- INPUT MATERIAL
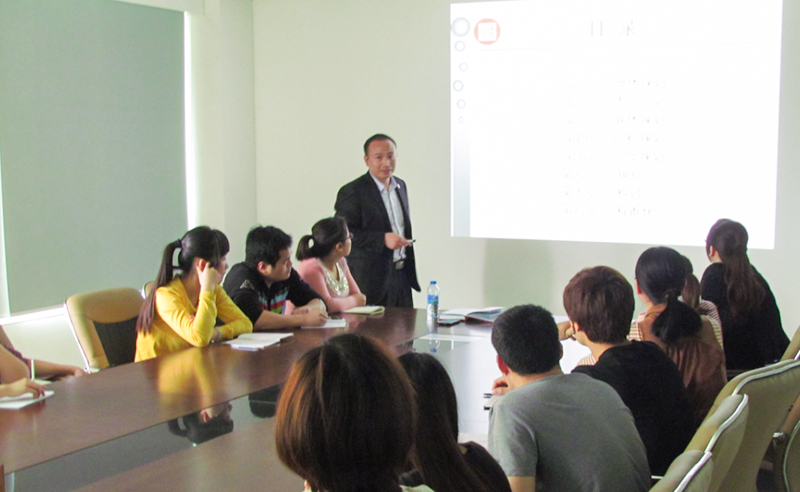 4月24日www.17c老師對佳樂公司進行倉儲管（guǎn）理的培訓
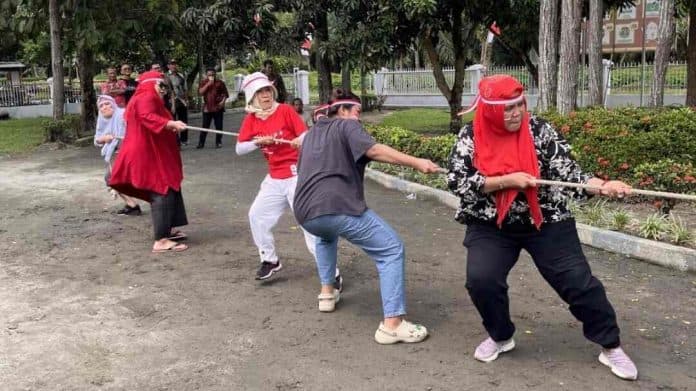 10_perlombaan_meriahkan_peringatan_hut_ri_ke_78_di_kpu_deli_serdang
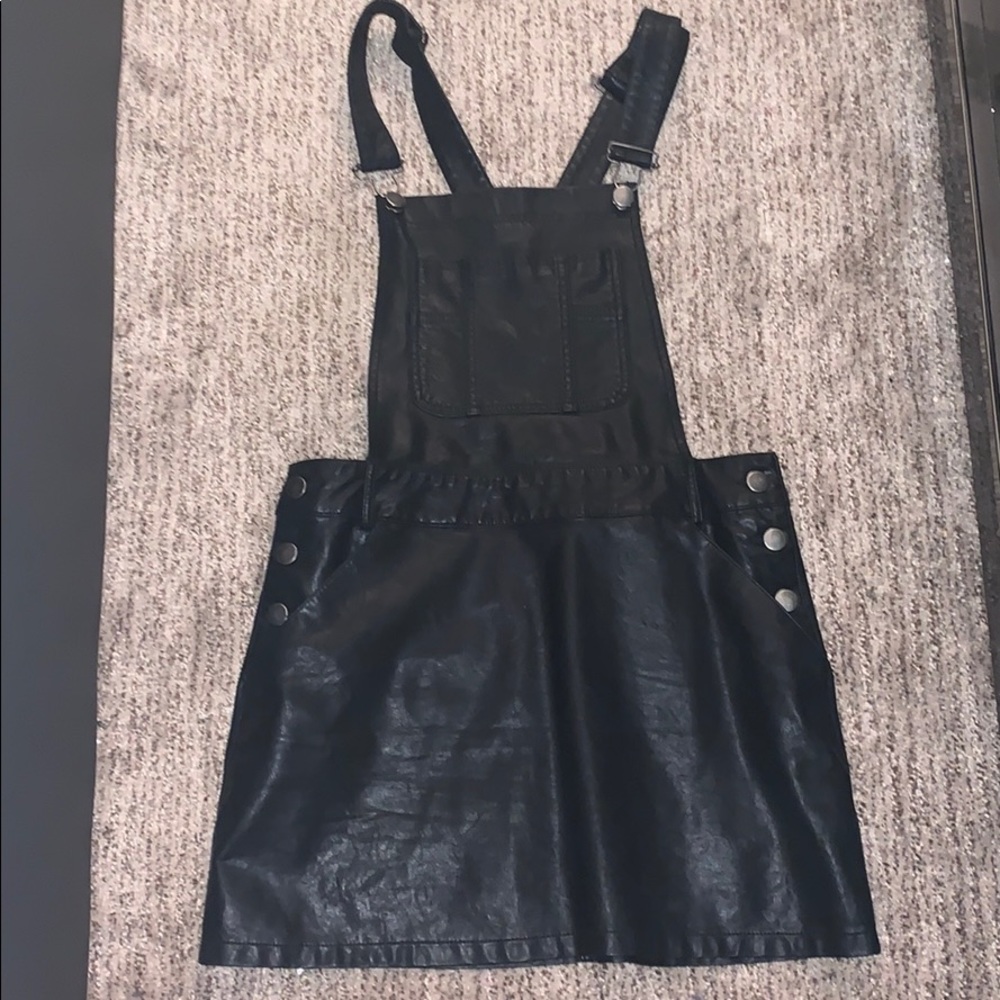 Forever 21 leather mini skirt overalls 🖤
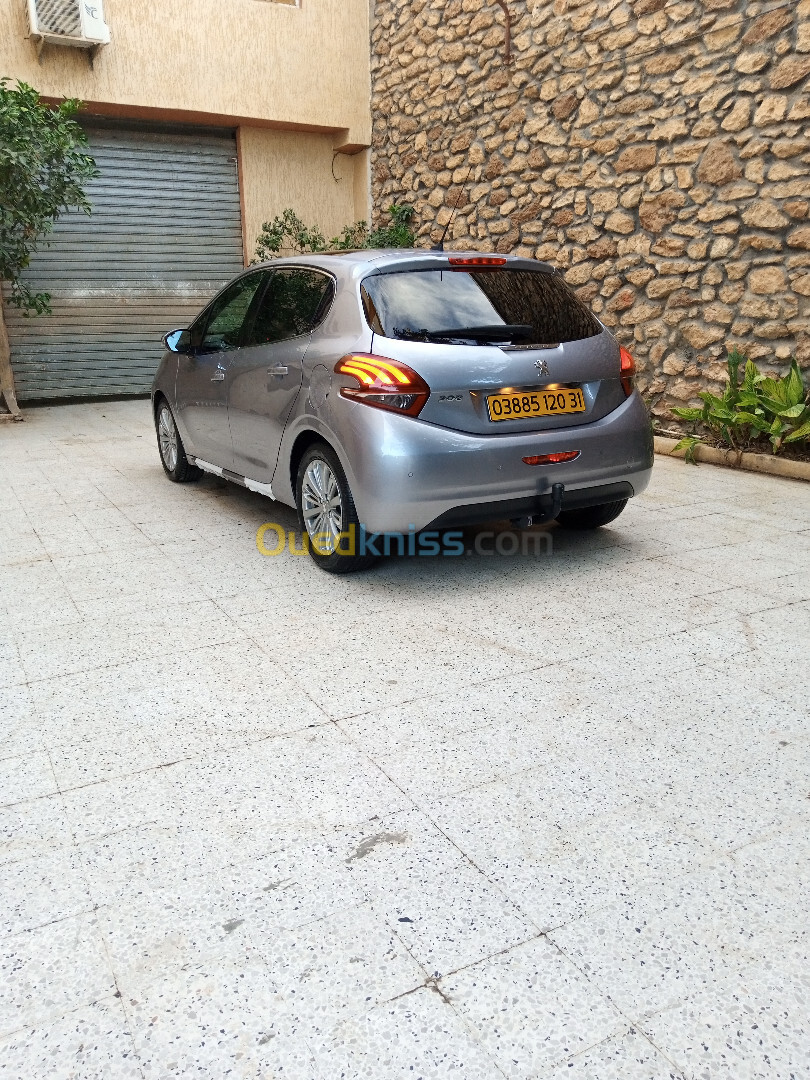 Peugeot 208 2020 Allure Facelift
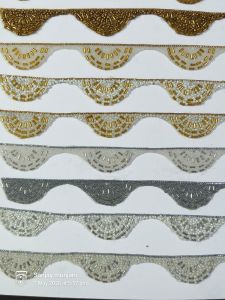 Round Beaded Scalloped Lace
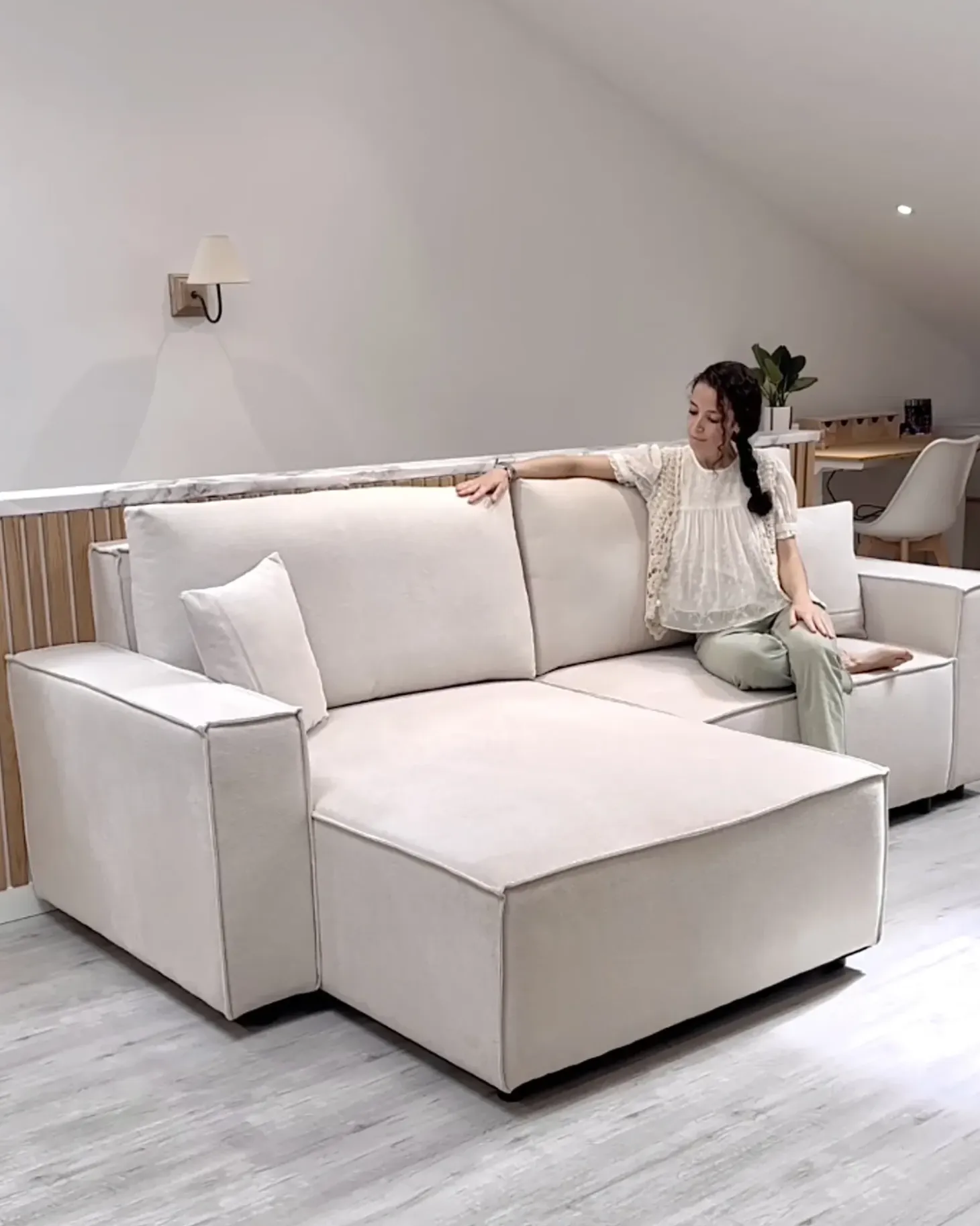 Sovesofa 3 personers KARILA Lys Beige med opbevaring Højrevendt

- WHAT THE EXERCISE ASKS
Leaving out any images, restate every record word for word.

- WRITTEN ANSWER
 4月24日www.17c老師對佳樂公司進行倉儲管（guǎn）理的培訓
 10_perlombaan_meriahkan_peringatan_hut_ri_ke_78_di_kpu_deli_serdang
 Forever 21 leather mini skirt overalls 🖤
 Peugeot 208 2020 Allure Facelift
 Round Beaded Scalloped Lace
 Sovesofa 3 personers KARILA Lys Beige med opbevaring Højrevendt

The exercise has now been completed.